When I run cmake for SuiteSparse_config I always get the lines -- Installation in ../lib and ../include, -- with 'make local ; make install'. No 'sudo' required.

Adding a line

message ( STATUS "value of INSIDE_SUITESPARSE: ${INSIDE_SUITESPARSE}" )

after the section setting INSIDE_SUITESPARSE in SuiteSparsePolicy.cmake reveals the problem. When you run cmake it displays

-- value of INSIDE_SUITESPARSE: (;(;EXISTS;/home/portage/sci-libs/suitesparseconfig-6.0.0_beta1/work/SuiteSparse-6.0.0-beta1/SuiteSparse_config/../lib;);AND;(;EXISTS;/home/portage/sci-libs/suitesparseconfig-6.0.0_beta1/work/SuiteSparse-6.0.0-beta1/SuiteSparse_config/../include;);)

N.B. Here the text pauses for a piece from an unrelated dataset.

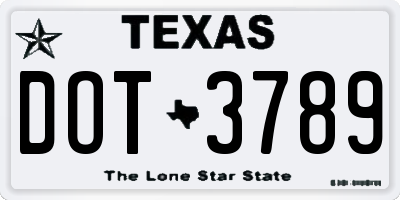 TX license plate DOT3789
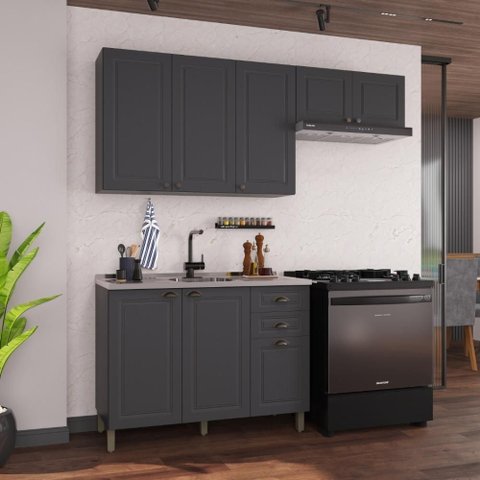 Armário de Cozinha Modulada Compacta Fidelitá Nara 100% MDF 3 Peças 200cm 8 Portas 2 Gavetas sem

which means that set ( INSIDE_SUITESPARSE ...) is certainly not behaving as the author intends it. It sets the variable to a string rather than a boolean expression. If I understand cmake's manual EXISTS statements should not be used outside of a if statement. A working as intended statement would probably be of the form

if ( ( ( EXISTS ${CMAKE_SOURCE_DIR}/../../lib     ) AND
            (   EXISTS ${CMAKE_SOURCE_DIR}/../../include ) ) )
  set ( INSIDE_SUITESPARSE TRUE )
endif
DrTimothyAldenDavis commented 2 years ago

Thanks for catching that! Good thing I called this a beta release. Yes, the INSIDE_SUITESPARSE variable should be false if ../lib and ../include don't exist. I'll fix this shortly and post a v6.0.0.beta.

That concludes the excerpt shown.